As pontas dos dedos passearam por entre as pérolas, contornado uma a uma, desistiu de conta-las. Afinal, do que serviria saber a quantidade? Bastava-lhe ser adornada por lembranças, cicatrizes de sofrimento das ostras e neste momento isso lhe caía bem. Pela última vez, deitou-as sobre a pele nua, no vale entre o pescoço e o colo; espaço quente, que reagiu como savana ao vento no fim de tarde, fora percorrida por prazeroso arrepio ao momento do primeiro roçar.
As pálpebras cerraram-se junto aos seus sentimentos, resguardando o recato das retinas que se banhavam, nuas, em lágrimas mornas; pareciam-lhe escorrer em sentindo invertido, inundando suas cavernas de lembranças, num demorado e sufocante afogamento, sortidos ecos que se consumavam em soluços.
Também não contou o tempo até seu último suspiro.

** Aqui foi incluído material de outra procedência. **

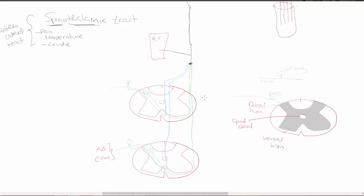The spinal cord has gray matter, which is roughly head-shaped. The gray matter can be broken down into the dorsal horn and the ventral horn. The dorsal horn is for sensory, and the ventral horn is for motor.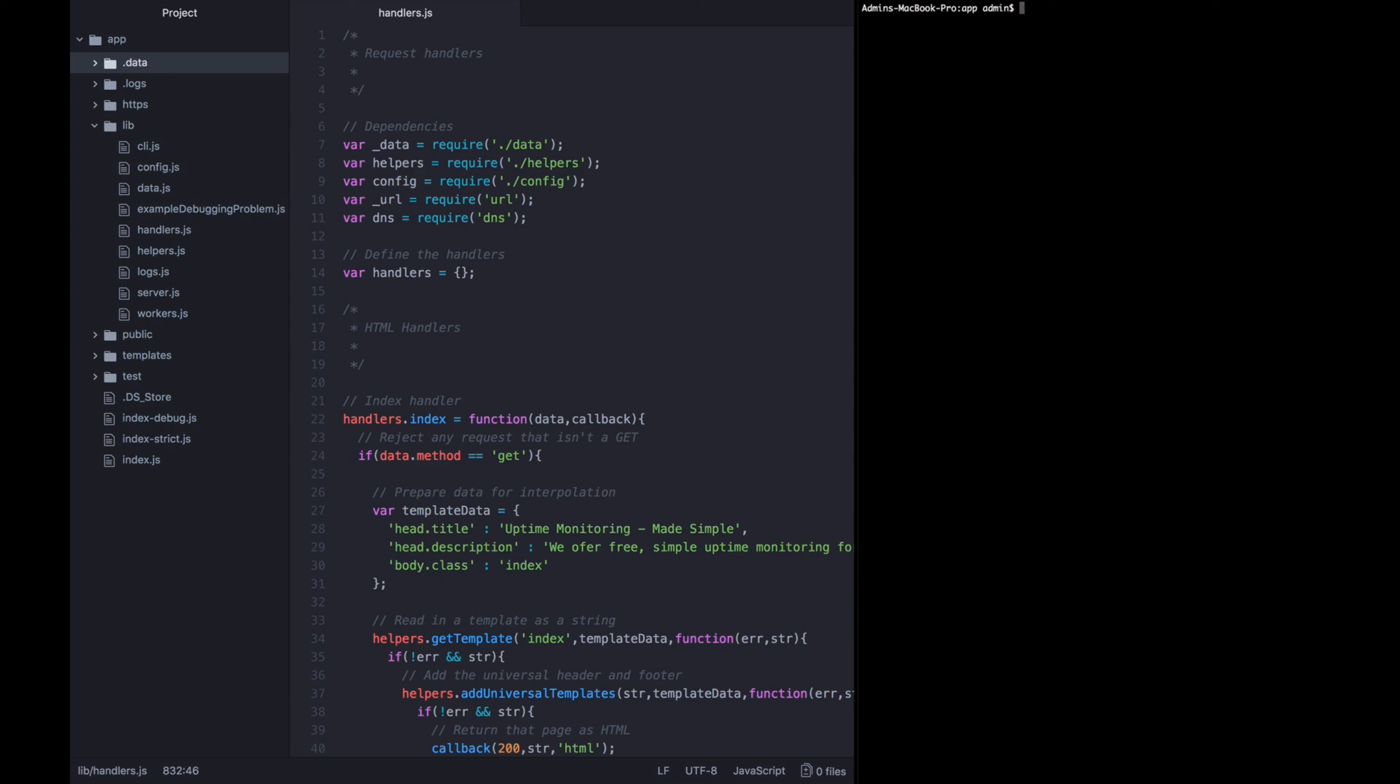There are many times when you'll be building or running a Node.js application that everything will technically be working, but it's just not working at the speed that it was on localhost or the speed that it used to. Sometimes you introduce a new feature and it slows down other features, and so there are many situations where you need to be able to diagnose where a performance problem or speed problem is occurring.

Privada d’aquele sopro que a mantinha viva, já não importava respirar, viveria doravante de um ar de lembranças.
E foi no balcão sobre os rochedos - testemunho de toda a fúria do mar, que arrancando de um golpe só, fê-las saltar, cintilantes como estrelas perdidas no céu - devolveu-as ao mar.
Já não havia mais motivos para adornar-se, que a fúria do mar as consumisse, com a mesma destreza que a fúria da ingratidão a consumia.
Mira-se no espelho agora, com um gélido olhar e o único sinal de vida que se percebe, é o vinco avermelhado que ficou...rasto de uma última homenagem...
*[Escrito em fev/2011]
2 comentários:
'As pálpebras cerraram-se junto aos seus sentimentos, resguardando o recato das retinas que se banhavam, nuas, em lágrimas mornas;' Emocionante te ler! Um brinde a sua elegancia poética que rasga o verbo a flor da pele. Muito lindo seu espaço, cada coisa que leio, exulto. Abraços, V.
PS: Só consegui postar como anônimo, foram várias tentativas
Oi Amigo,
Obrigada pelo comentário, mas não exagera né...rs
Mudei o formato dos recados, mas mesmo assim, algumas pessoas encontram problemas. Mas é isso, sei que voces me visitam e só tenho que agradecer essa atenção toda.